[Data listing]
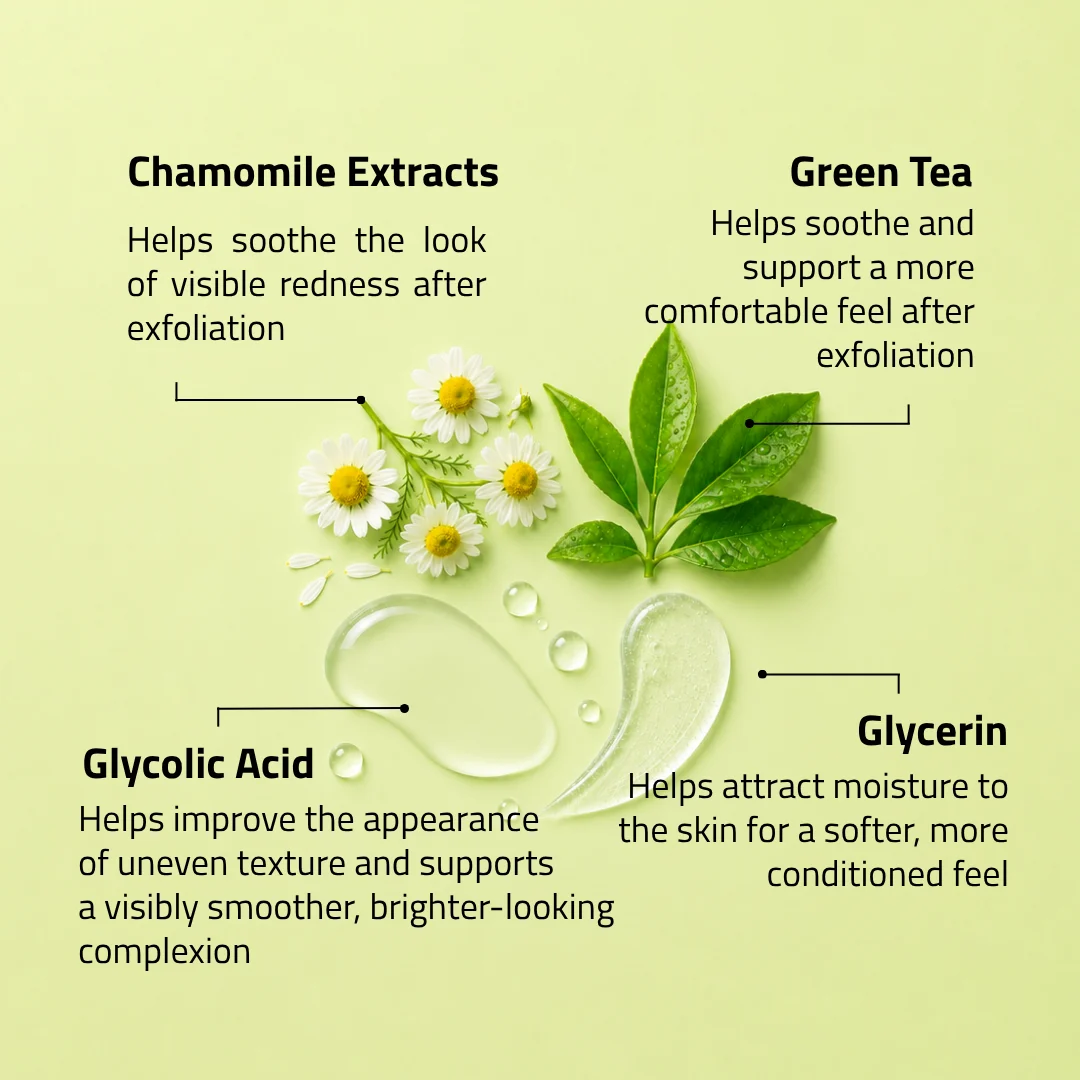 Glycolic Acid Pads — before and after skin results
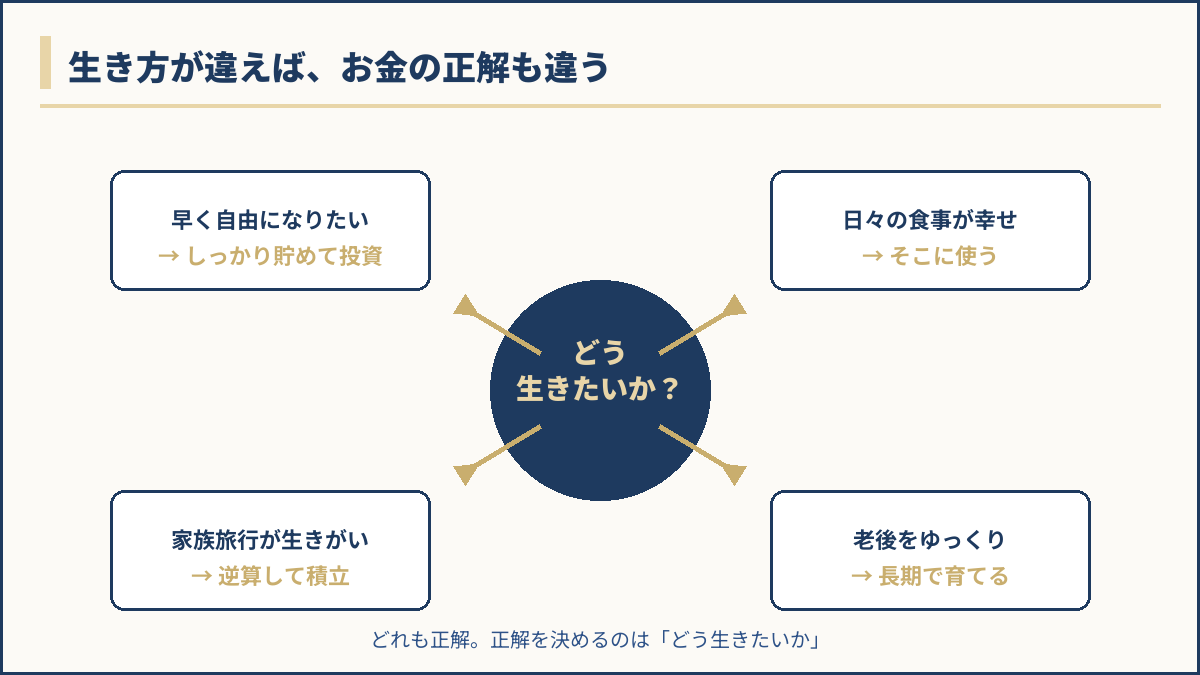 生き方が違えば、お金の正解も違う——中央にどう生きたいか、周囲に4つの例を示した概念図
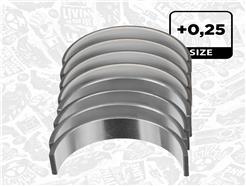 ET ENGINETEAM LP008325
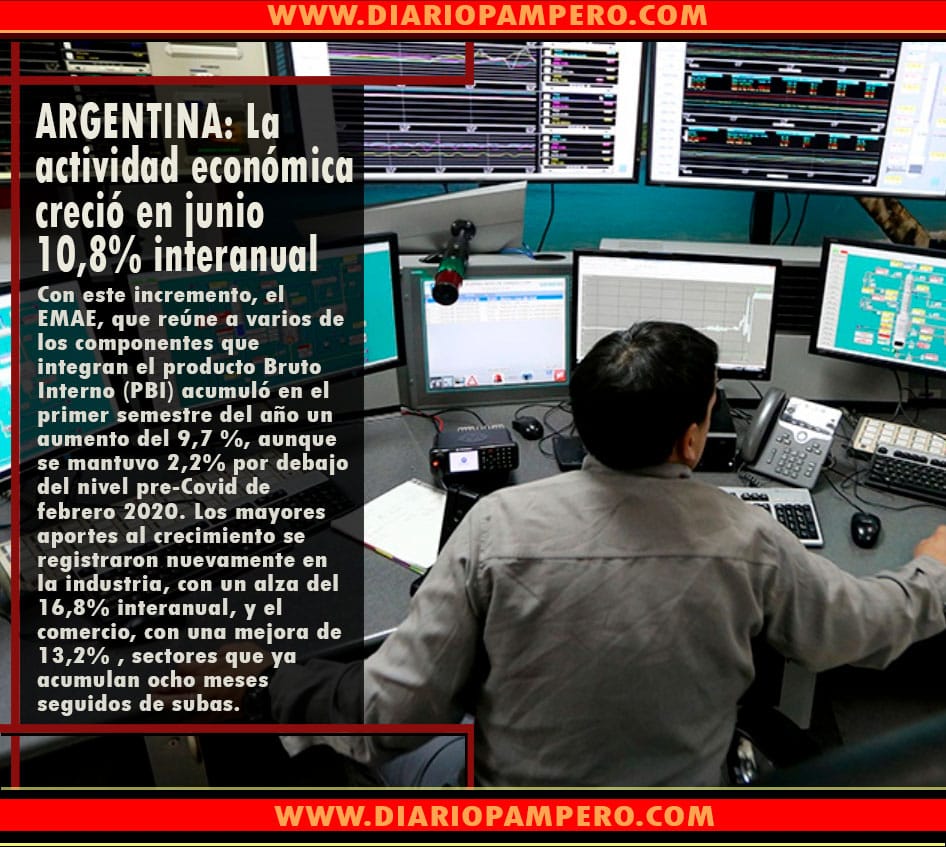 actividad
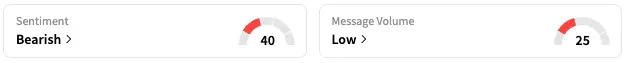 GM's Sentiment Meter and Message Volume as of 9:59 a.m. ET on Aug. 6, 2025 | Source: Stocktwits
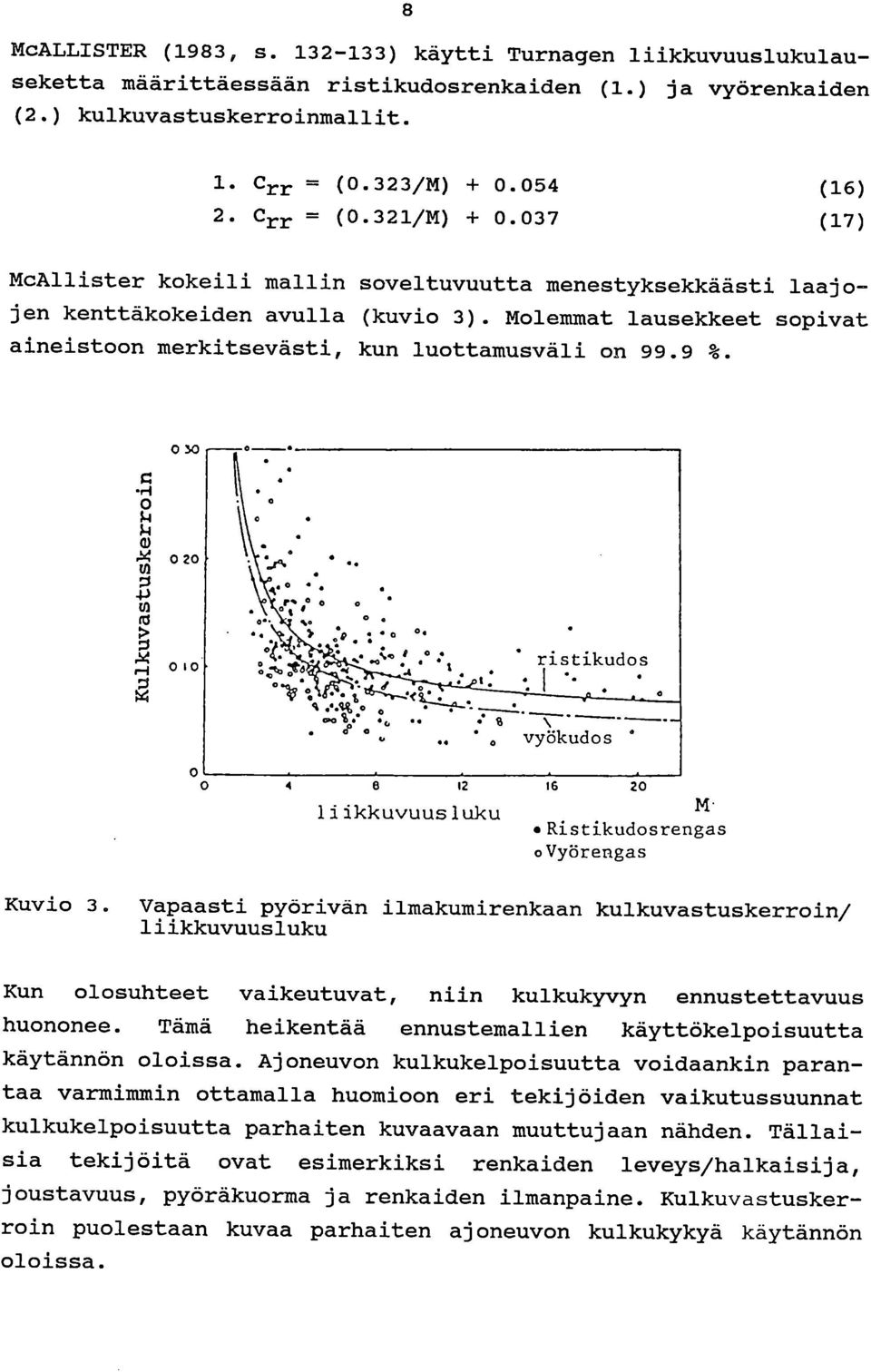 Molemmat lausekkeet sopivat aineistoon merkitsevästi, kun luottamusväli on 99.9 %. Kulkuvastuskerroin 050 0 20 olo 4. ;to 0 o. o «If o 17...4%.0%.*.0. cp ristikudos % vyökudos 4 liikkuvuusluku.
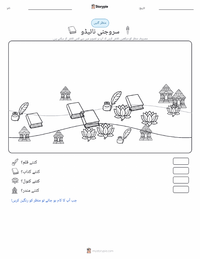 سروجنی نائیڈو پرنٹ کرنے کے قابل ورکشیٹ کا پیش نظارہ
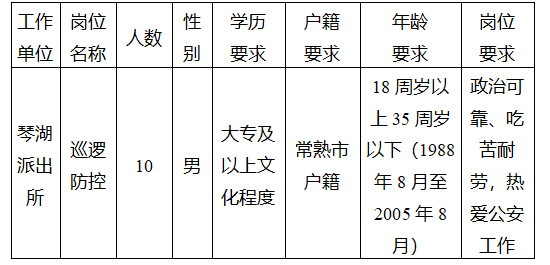 報考崗位、人數及條件
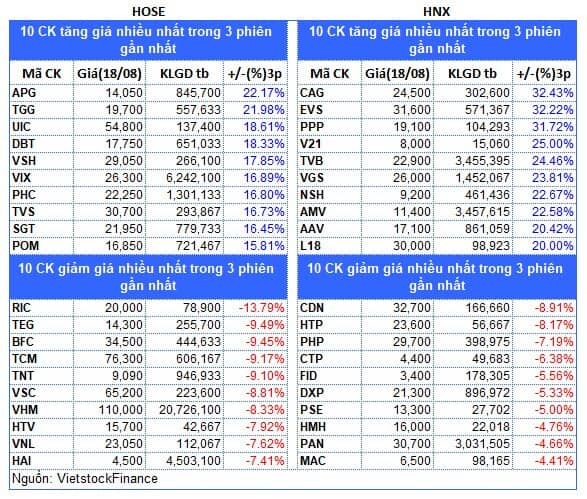 Top cổ phiếu đáng chú ý đầu phiên 19/08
[/Data listing]
Task objective ▸
Please transcribe exactly the lines from the one containing "生き方が違えば、お金の正解も" through the last line of the records above, both included, and leave out every picture.

Output below ▸
 生き方が違えば、お金の正解も違う——中央にどう生きたいか、周囲に4つの例を示した概念図
 ET ENGINETEAM LP008325
 actividad
 GM's Sentiment Meter and Message Volume as of 9:59 a.m. ET on Aug. 6, 2025 | Source: Stocktwits
 Molemmat lausekkeet sopivat aineistoon merkitsevästi, kun luottamusväli on 99.9 %. Kulkuvastuskerroin 050 0 20 olo 4. ;to 0 o. o «If o 17...4%.0%.*.0. cp ristikudos % vyökudos 4 liikkuvuusluku.
 سروجنی نائیڈو پرنٹ کرنے کے قابل ورکشیٹ کا پیش نظارہ
 報考崗位、人數及條件
 Top cổ phiếu đáng chú ý đầu phiên 19/08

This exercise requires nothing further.